Oxidation of the nonaqueous solvent in an electricity storage device is governed by the reaction rate, which depends on the concentration. Therefore, the above-described effect is provided in accordance with the content of the fluorine-containing cyclic carbonate represented by general formula (1) in the nonaqueous solvent for an electricity storage device. As long as the nonaqueous solvent includes a fluorine-containing cyclic carbonate represented by general formula (1), the oxidation resistance of the nonaqueous solvent in the electricity storage device is increased, and the gas generation in the electricity storage device is suppressed. For this reason, the nonaqueous solvent for an electricity storage device in this embodiment may include a known nonaqueous solvent usable for an electricity storage device in addition to the fluorine-containing cyclic carbonate represented by general formula (1). Specifically, the nonaqueous solvent for an electricity storage device in this embodiment may include a cyclic carbonate such as ethylene carbonate, propylene carbonate, butylene carbonate, vinylene carbonate or the like; or a chain carbonate such as dimethyl carbonate, diethyl carbonate, ethylmethyl carbonate, dipropyl carbonate or the like.

In order to allow the above-described conspicuous effect to be provided, the fluorine-containing cyclic carbonate represented by general formula (1) is contained in the nonaqueous solvent for an electricity storage device in this embodiment preferably at a content of 5% by volume or greater and 100% by volume or less, and more preferably at a content of 10% by volume or greater and 100% by volume or less. When the content of the fluorine-containing cyclic carbonate in the solvent is 10% by volume or greater, the oxidation of the nonaqueous solvent is effectively suppressed and thus the amount of generated gas is decreased.

Embodiment 2

Hereinafter, an nonaqueous electrolytic solution for an electricity storage device in an embodiment according to the present application will be described.

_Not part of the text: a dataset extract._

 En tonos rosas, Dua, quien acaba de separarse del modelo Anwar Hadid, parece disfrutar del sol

An electrolytic solution in this embodiment is usable for an electricity storage device such as a lithium secondary battery, an electricity double layer capacitor or the like.

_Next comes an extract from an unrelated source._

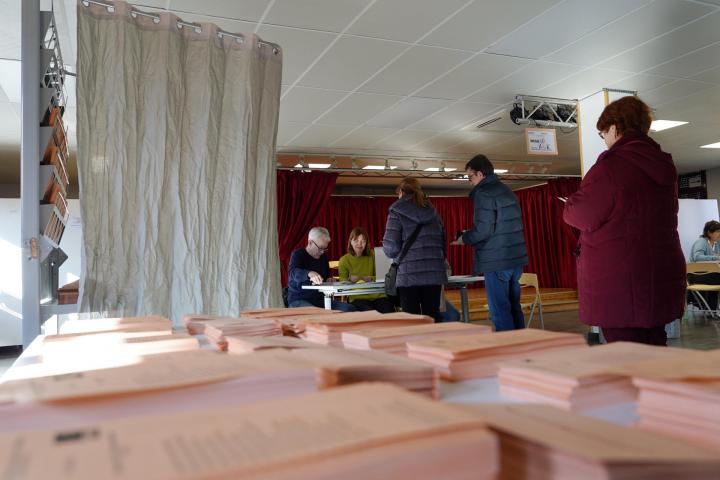 Ciudadanos votando en Castilla y León.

A nonaqueous electrolytic solution for an electricity storage device in this embodiment includes a nonaqueous solvent and a support electrolyte salt.

The nonaqueous solvent is the nonaqueous solvent for an electricity storage device described in Embodiment 1, and includes a fluorine-containing cyclic carbonate represented by general formula (1). The nonaqueous solvent has been described in detail and will not be described here.

As the support electrolyte salt, any generally used support electrolyte salt is usable in accordance with the type of the electricity storage device, with no specific limitation. The concentration of the support electrolyte salt in the nonaqueous electrolytic solution is also adjustable. By selecting an appropriate type of fluorine-containing cyclic carbonate represented by general formula (1) and an appropriate type of support electrolyte salt, a concentration of the support electrolyte salt of 0.5 mol/L or greater and 2 mol/L or less is realized in the nonaqueous electrolytic solution for an electricity storage device in this embodiment. The nonaqueous electrolytic solution for an electricity storage device may have a support electrolyte salt concentration of, specifically, about 0.75 mol/L or greater and about 1.5 mol/L or less, and typically, of about 1 mol/L.

Examples of the support electrolyte salt usable in the case where the electrolytic solution in this embodiment is used for a lithium secondary battery include lithium salts such as LiPF₆, LiBF₄, LiAsF₆, LiClO₄, LiCF₃SO₃, LiSbF₆, LiSCN, LiCl, LiC₆H₅SO₃, LiN(CF₃SO₂)₂, LiC(CF₃SO₂)₃, C₄F₉SO₃Li, and the like; and mixtures thereof.

Examples of the support electrolyte salt usable in the case where the electrolytic solution in this embodiment is used for an electricity double layer capacitor include, in addition to the lithium salts mentioned above, quaternary ammonium salts such as (C₂H₅)₄NBF₄, (C₄H₉)₄NBF₄, (C₂H₅)₃CH₃NBF₄, (C₂H₅)₄NPF₆, (C₂H₅)₃CH₃N−N(SO₂CF₃)₂, (C₂H₅)₄N—N(SO₂CF₃)₂, and the like; and mixtures thereof.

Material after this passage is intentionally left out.